+++ DATASET EXTRACT

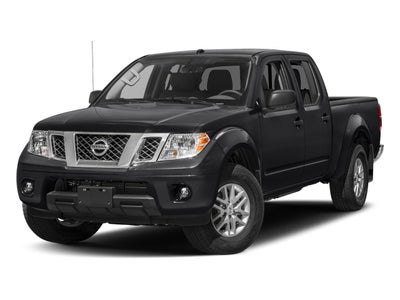 2017 Nissan Frontier 2017.5 Crew Cab 4x4 SV V6 Auto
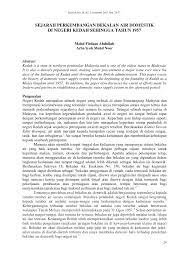 Pengenaian kepada sistem bekalan air dan sistem kumbahan. Pdf Sejarah Perkembangan Bekalan Air Domestik Di Negeri Kedah Sehingga Tahun 1957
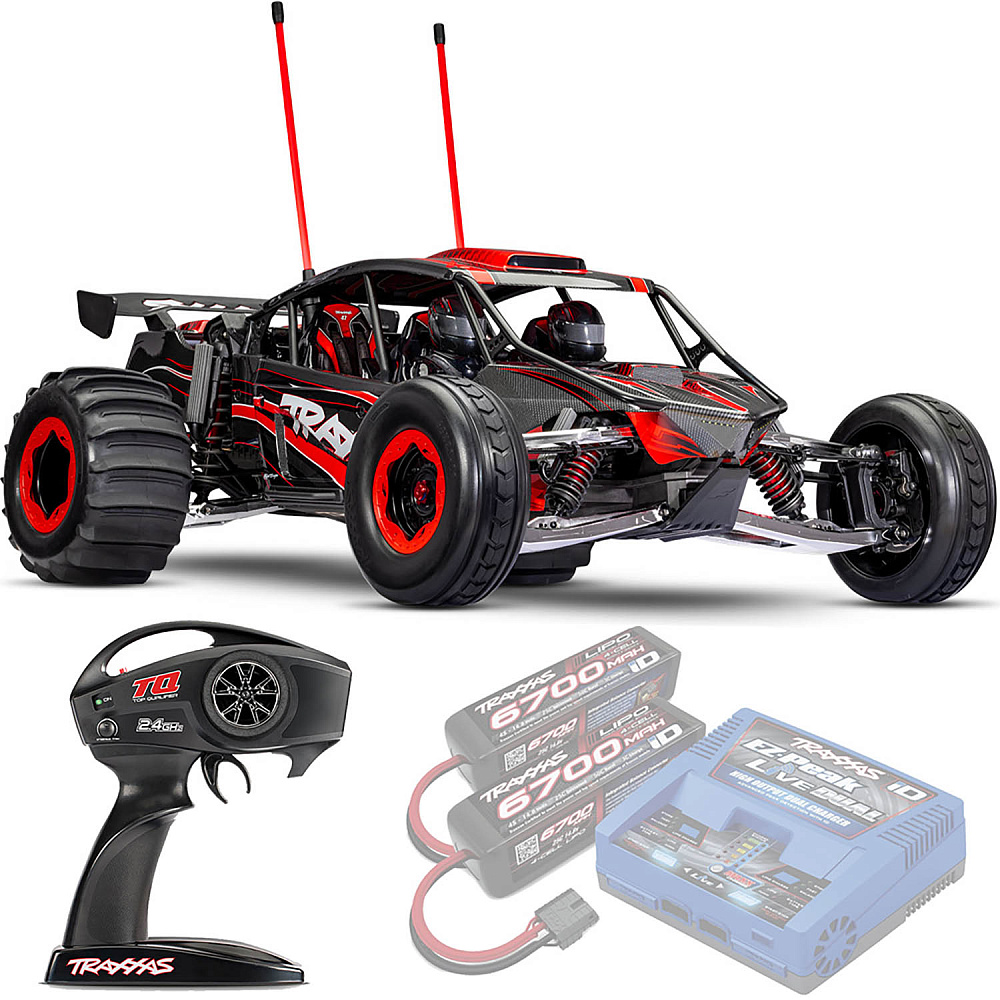 FUNCO Traxxas Pro Scale Sand Car 1:5 2WD RTR ������� �� ����� (109076-4-RED)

++++++

WHAT YOU WILL DO
From the first line to the last, please copy the data exactly, with the pictures left out.

RESPONSE
 2017 Nissan Frontier 2017.5 Crew Cab 4x4 SV V6 Auto
 Pengenaian kepada sistem bekalan air dan sistem kumbahan. Pdf Sejarah Perkembangan Bekalan Air Domestik Di Negeri Kedah Sehingga Tahun 1957
 FUNCO Traxxas Pro Scale Sand Car 1:5 2WD RTR ������� �� ����� (109076-4-RED)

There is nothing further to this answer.